Ein mutiges Statement also, ein zutiefst menschliches noch dazu. Schade jedoch, dass der Film gegen Ende seine Schärfe und seine direkten Aussagen verliert, in dem er ein aufgesetzt und unnötig optimistisches Ende zeichnet. Schade auch, dass, sobald das Script sein Rassismus-Thema verlässt und sich stattdessen auf die aufkeimende Lovestory zwischen Kathy und Philip (Gregory Peck) konzentriert, "Tabu der Gerechten" hier und da bestimmte Längen vorzuweisen hat. Ebenfalls irrelevant für die Handlung darf die Herzkrankheit Mrs. Greenes (augenzwinkernd: Anne Revere) gesehen werden, da zu keiner Zeit näher drauf eingegangen wird und sich besagte Krankheit tendenziell wie ein Fremdkörper in der Handlung anfühlt. Nichtsdestotrotz werden die inhaltlichen Schwächen zumeist von den hervorragenden Schauspielern kompensiert. In erster Linie sticht dabei Gregory Peck heraus, der den anfangs desillusionierten, später aufrichtigen Journalisten vortrefflich verkörpert, und letztlich sämtliche Formen der Ausgrenzung kennenlernen wird. Um seine Person dreht sich die Kernfrage des gesamten Films: Soll ich Diskriminierung tolerieren, wenn ich kein Jude bin? Als Demokrat, als Christ, als vorbildlicher Bürger? Seine Antwort, unsere Antwort, die Intention: Nein. Ich muss immer aufstehen, immer Diskriminierung jeder Art bekämpfen, selbst als Nichtjude, selbst als Mensch anderen Glaubens, selbst wenn dadurch eine Liebesbeziehung zerbricht. Immer. Ohne Kompromisse.
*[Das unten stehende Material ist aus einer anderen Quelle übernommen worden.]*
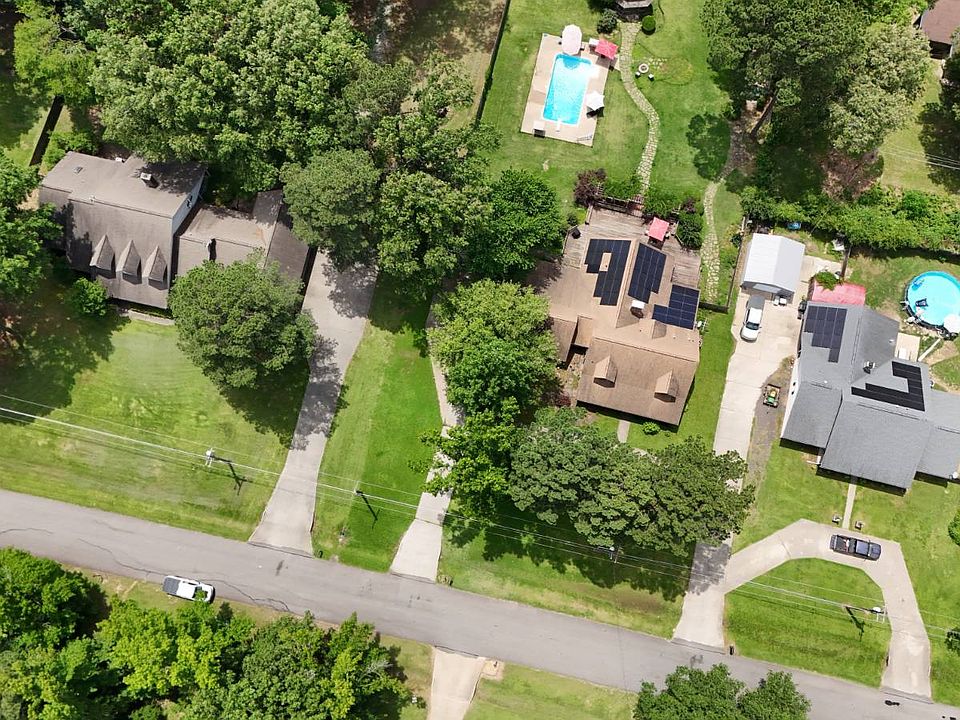 1st image of 416 Manor Rd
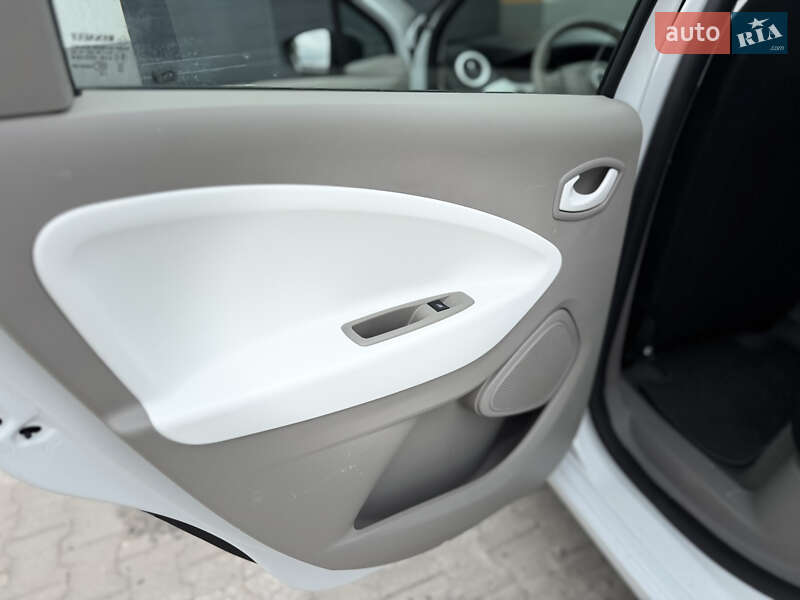 Хетчбек Renault Zoe 2018 в Рівному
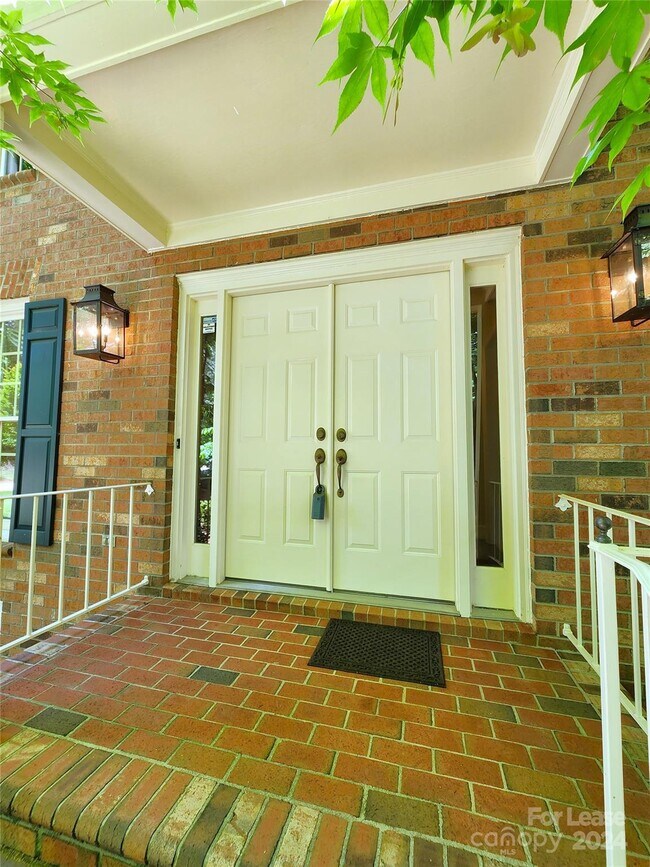 Foto del edificio - 1624 Chadmore Ln NW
Ihm zur Seite steht eine tatkräftige Moderedakteurin (Celeste Holm) und ein langjähriger Freund, seines Zeichens selber Jude, von einem großartigen John Garfield gespielt.

Fazit

Der erste Hollywoodfilm über Antisemitismus (hier: dem religiös motivierten) ist zugleich ein überaus brisantes, vielschichtiges Werk, heute wie damals, das den Zuschauer wachrüttelt, ihn zum Nachdenken zwingt, ihn vielleicht sogar beeinflusst, seine jetzige Meinung zu hinterfragen. Die Anklage gesellschaftlicher Missstände, das engagierte Plädoyer für Menschlichkeit und Toleranz, all das hinterlässt einen zeitlosen Eindruck.